BRIEF DESCRIPTION OF THE FIGURES
 FIG. 1 is a block diagram illustrating an embodiment of the invention utilizing alpha and or numerical text data.
 FIG. 2 is a block diagram illustrating another embodiment of the invention utilizing one or more data readers.
 FIG. 3 is a block diagram illustrating an embodiment of the invention utilizing any combination of histogram, teletext, time code, and or a movie/program script data base.
 FIG. 4 is a block diagram illustrating an embodiment of the invention utilizing a rendering transform or function.
 FIGS. 5A-5D are pictorials illustrating examples of rendering.
 FIG. 1 illustrates an embodiment of the invention for identifying program material such as movies or television programs. A system for identifying program material includes a movie script library or database 11, which includes dialog of the performers, a closed caption data base or text data base from closed caption signals, and or time code that may be used to locate a particular phrase or word during the program material.
 The movie script library/database 11 includes the dialogs of the characters of the program material. The scripts may be divided by chapters, or may be linked to a time line in accordance with the program (e.g., movie, video program). The stored scripts may be used for later retrieval.
 A text or closed caption data base 12 includes text that is converted from closed caption or the closed caption data signals (e.g., which are stored and may be retrieved later). The closed caption signal may be received from a vertical blanking interval signal or from a digital television data or transport stream (e.g., such as MPEG-x)
 Time code data 13, which is tied or related to the program material, provides another attribute to be used for identification purposes. For example, if the program material has a closed caption phrase or word or text of "X" at a particular time, the identity of the program material can be sorted out faster or more efficiently.
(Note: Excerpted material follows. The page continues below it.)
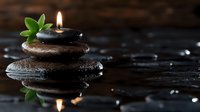 Burning candle on wet black spa stones with green leaves and water drops, creating peaceful reflection on dark background. Wellness and relaxation concept.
 The information from blocks 11, 12, and or 13 is supplied to a combining function (depicted as block 14), which generates reference data. This reference data is supplied to a comparing function (depicted as block 16). Function 16 also receives data from a program material source 15, which data may be a segment of the program material (e.g., 1 second to >1 minute). Video data from source 15 may include closed caption information, which then may be compared to closed caption information or signals from the reference data, supplied via the closed caption database 12, or script library/database 11. Time code information from the program material source 15 may be included and used for comparison purposes with the reference data.
 The comparing function 16 may include a controller and or algorithm to search, via the reference data, incoming information or signals (e.g., closed caption signals or text information from the program material source 15).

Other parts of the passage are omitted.